Hi designers,
If you are reading this post, (I suppose) you are about to attend one of the Web 3.0 hackathons. Firstly, 100 claps to all of you for signing up — blockchain technology needs your skills like no other. Secondly, below I collected materials that will help you get the most out of the hackathon and leave home with proud-to-share results and glory.
Before the hackathon:
get to the right mindset
Looking back at the DWeb Summit UX/UI workshop
12 min reading about what is currently puzzling UX designers who work in blockchain companies. About friction in UX for Web3, sharing private data, seamless UIs and research collaboration.
Web3 Design Principles
An article for those “who play bold”. Means, it’s a 32 min reading, but will get you 80% updated on everything that you should know about #designforblockchain challenges and (hypothetical) solutions.
And finally,
step 1 – watch Designers — Think Big!
step 2 – watch Natasha Jen: Design Thinking Is Bullsh*t
step 3 – listen to Design Thinking isn’t bullsh*t. The way you apply it is
If you are about to apply design thinking during a hackathon (and I hope you will!), these three pieces will bring you some additional thoughts on how we use and how we teach others the creative problem-solving.
During the hackathon:
hack the problem
6 principles for designing blockchain apps for non-technical users
A good example how the team worked on one dapp concept during a hackathon. Written by UX designer. Not enough for the projects in the real design/dev workflow, but perfect for hackathons and testing ideas.

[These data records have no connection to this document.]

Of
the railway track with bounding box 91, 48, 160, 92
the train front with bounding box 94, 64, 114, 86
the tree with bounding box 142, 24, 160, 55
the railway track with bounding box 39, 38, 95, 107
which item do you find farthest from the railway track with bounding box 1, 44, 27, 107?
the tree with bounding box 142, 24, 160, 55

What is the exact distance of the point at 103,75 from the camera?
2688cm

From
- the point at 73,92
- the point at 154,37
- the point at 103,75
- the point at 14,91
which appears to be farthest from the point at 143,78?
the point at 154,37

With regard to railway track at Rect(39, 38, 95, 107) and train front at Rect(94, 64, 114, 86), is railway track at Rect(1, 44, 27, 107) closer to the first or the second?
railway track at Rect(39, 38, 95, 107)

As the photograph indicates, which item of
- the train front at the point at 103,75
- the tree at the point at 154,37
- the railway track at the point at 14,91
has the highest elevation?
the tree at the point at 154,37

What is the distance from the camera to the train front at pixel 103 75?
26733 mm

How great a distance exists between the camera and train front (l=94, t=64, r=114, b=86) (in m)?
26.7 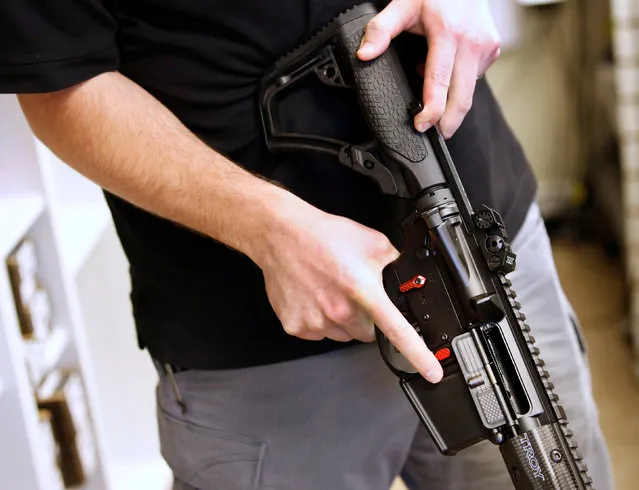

Understanding users — Customer personas
All templates and hint questions from Indi Young of how to create customer profiles will be available for you at every project table.

What Is Customer Journey Mapping and How to Start?
Paul Boag tells how to use customer journey mapping. It is your powerful tool to align your dev team at the hackathon with what users will/may experience offline&online.

Extras to speed up
For those who will have no time to roll with UI design during the hackathon, I collected UI kits on Dribbble and on Behance — they are complete enough as a shortcut for your demo presentation.
Get ready and see you at one of our next hackathons!